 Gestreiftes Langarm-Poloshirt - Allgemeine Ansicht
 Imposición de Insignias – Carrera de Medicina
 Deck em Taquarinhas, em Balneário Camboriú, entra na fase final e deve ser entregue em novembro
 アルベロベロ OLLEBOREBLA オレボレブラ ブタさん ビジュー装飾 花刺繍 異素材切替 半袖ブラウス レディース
* * *
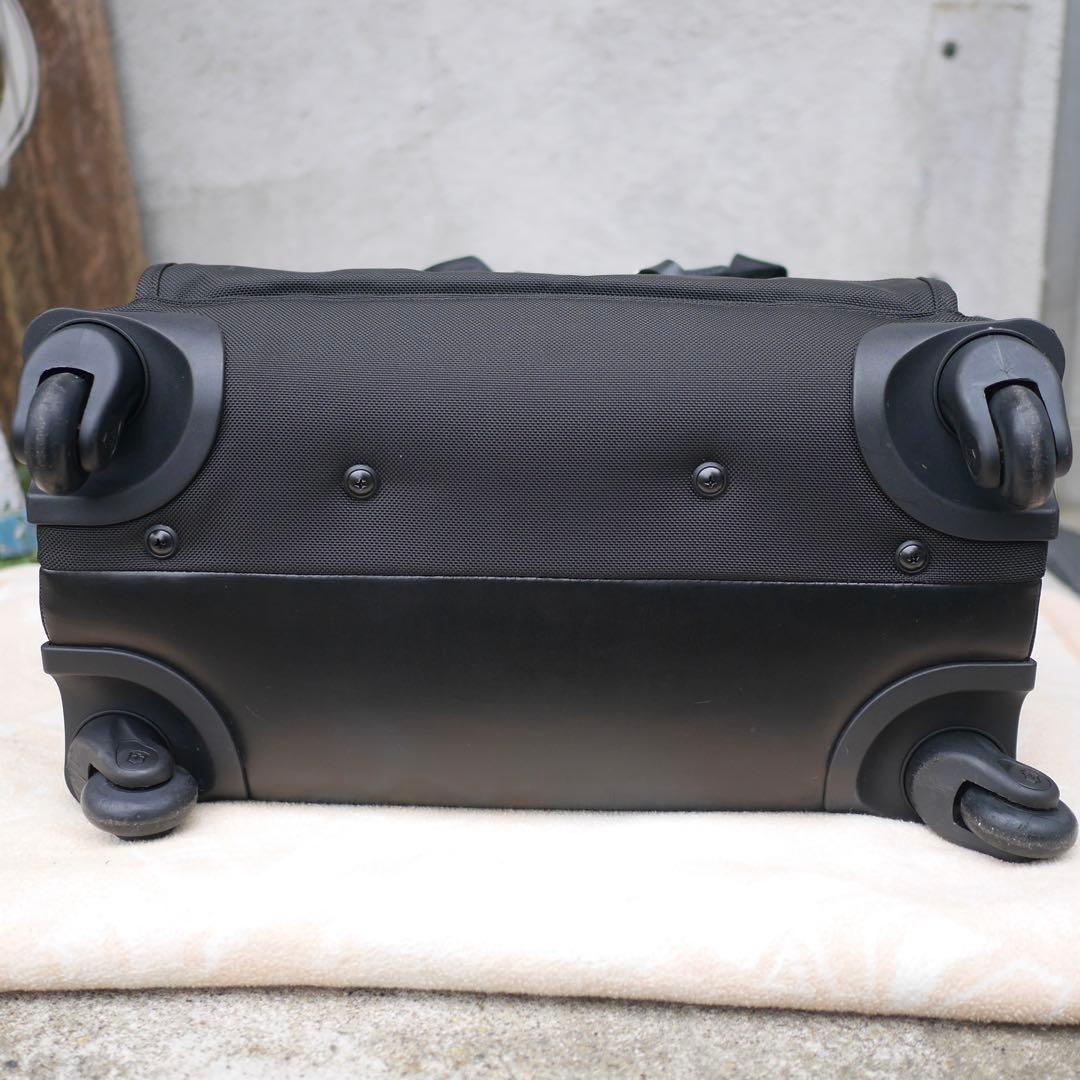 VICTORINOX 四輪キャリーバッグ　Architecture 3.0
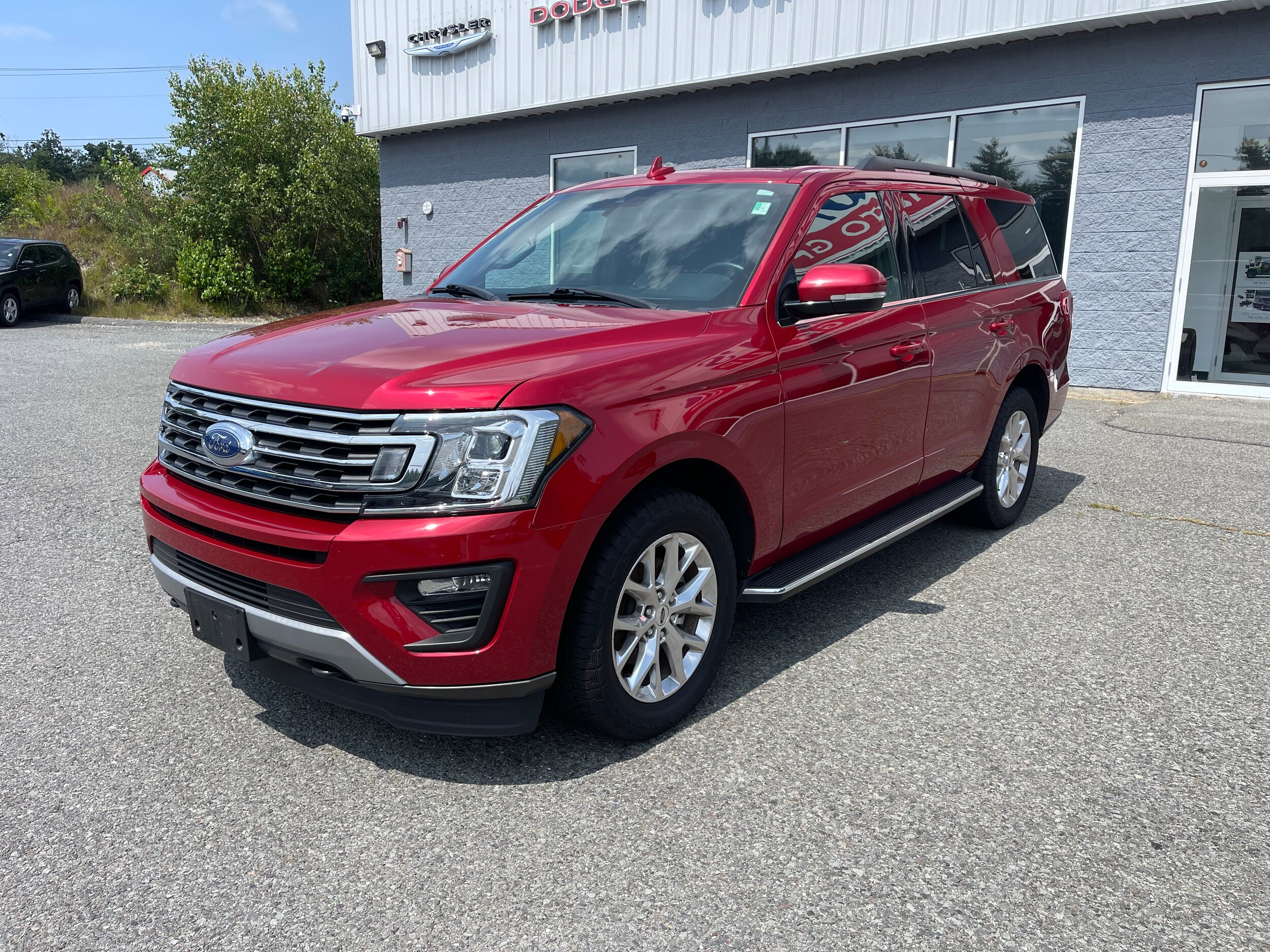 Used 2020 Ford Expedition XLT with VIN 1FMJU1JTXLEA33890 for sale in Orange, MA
==
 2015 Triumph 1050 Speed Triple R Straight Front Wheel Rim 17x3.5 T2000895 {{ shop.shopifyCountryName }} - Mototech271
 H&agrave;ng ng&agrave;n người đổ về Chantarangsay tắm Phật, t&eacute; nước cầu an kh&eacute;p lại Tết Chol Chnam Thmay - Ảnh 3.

Required action> Begin at the line above that has "Gestreiftes Langarm-Poloshirt - Allgemeine" and stop after the line that has "アルベロベロ OLLEBOREBLA オレボレブラ", copying each line exactly and adding nothing else.

Solution to this task>
 Gestreiftes Langarm-Poloshirt - Allgemeine Ansicht
 Imposición de Insignias – Carrera de Medicina
 Deck em Taquarinhas, em Balneário Camboriú, entra na fase final e deve ser entregue em novembro
 アルベロベロ OLLEBOREBLA オレボレブラ ブタさん ビジュー装飾 花刺繍 異素材切替 半袖ブラウス レディース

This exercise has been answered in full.